Not the edition I read, but a good rendering of the Count,
who is larger than life but a tad unhinged.

20 years ago I saw the movie version of this starring Jim “Jesus” Cavaziel… in fact I believe I saw it twice, as I really liked it. In what seems to be a pattern, the movie caused the book to be added to a list somewhere, which some years later caused it to be bought, and some more years after that finally read.

I found The Count of Monte Cristo to be perfect summer reading: Suspenseful enough to keep the pages turning, but literary enough that an English major need feel no shame being seen with it. The Count is a compelling if weird protagonist — he seems to enjoy torturing his friends as much as his enemies, and more than once keeps someone he’s theoretically trying to help teetering on the edge of suicide for no very good reason.
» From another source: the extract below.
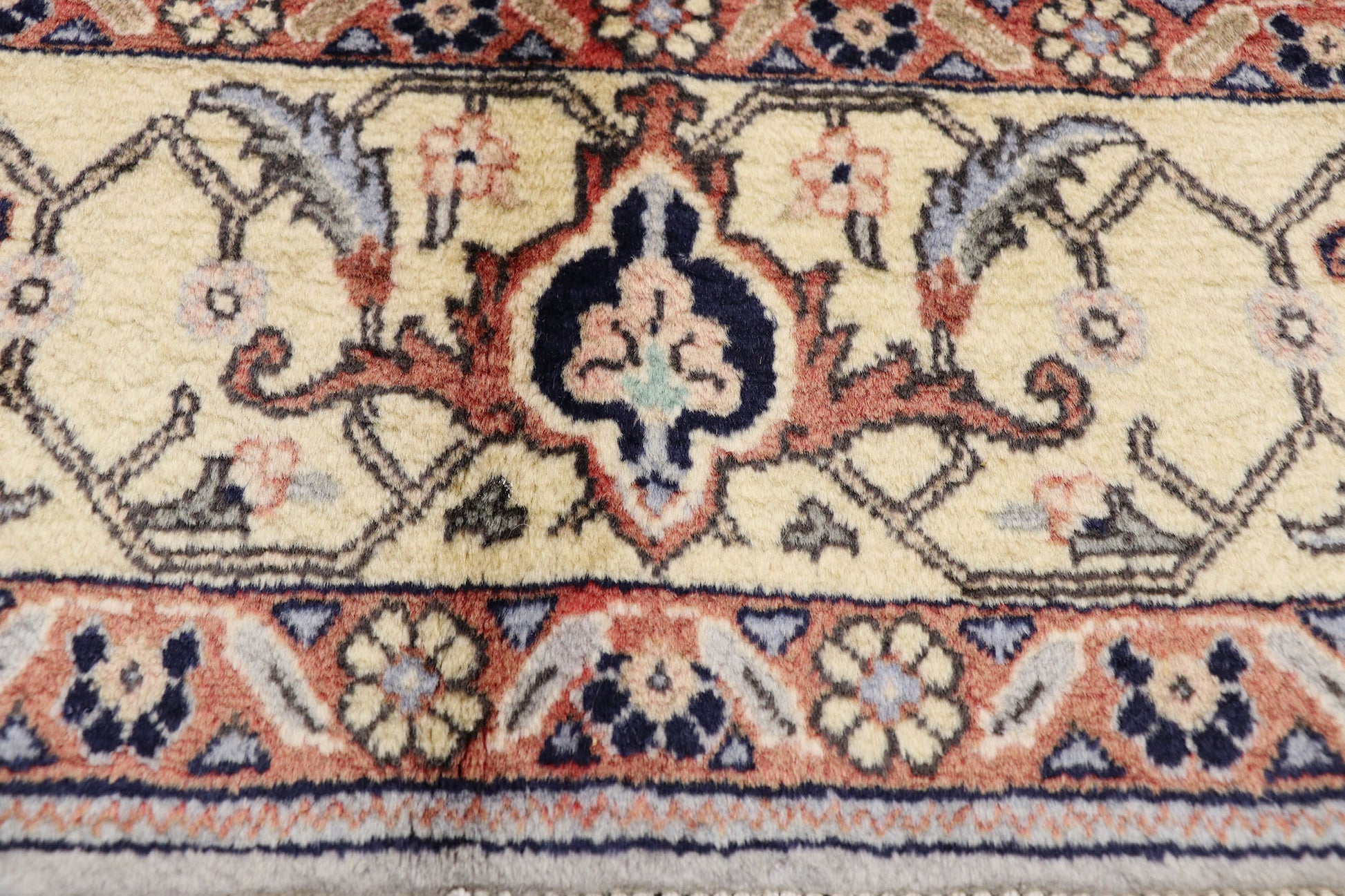 6 x 6 Vintage Persian Bijar Rug 76053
It’s hard to tell in translation, of course, but it seemed to me that Dumas’s prose is pretty mediocre. He’s all about the plot, which in a way makes him very American. But then parts of the book are extremely French:

“Father, what is the matter? You don’t look well.”


“It is nothing, it will soon pass,” said the old man; but his strength failed him and he fell backward.


“This will never do!” exclaimed the youth. “A glass of wine will soon put you right. Tell me where you keep it,” he continued, opening one cupboard after another.


“It is useless to look for it,” said the old man. “There is no wine.”


“What? No wine?” said the young man, turning pale and looking first at the old man’s sunken and pallid cheeks and then at the bare cupboards. “No wine?”

But the most interesting thing I learned from this book was in the introduction:

Alexandre Dumas ranks among the most widely read novelists of Romantic literature and may be the most beloved writer France has ever produced. His works are stories of adventure depicting the heroic triumph of human strength and endurance, a legacy he was born to recount.


Dumas’s father, Thomas-Alexander, was born a slave on Santo Domingo (now Haiti) in 1762 to a black slave, Cessette Dumas, and her owner, the Marquis de la Pailleterie, a Frenchman who had come to the Caribbean to seek his fortune as a sugar planter. The marquis sold Thomas and three of his siblings, but bought him back and then took him to France when he was fourteen years old. The young man severed ties with his father, took his mother’s name, and joined the army. By thirty-one he was serving as a general under Napoleon Bonaparte.

And so, as these things happen, I am now the owner of a volume called The Black Count, a nonfiction account of General Dumas’s life. I will be writing about it in this space… someday.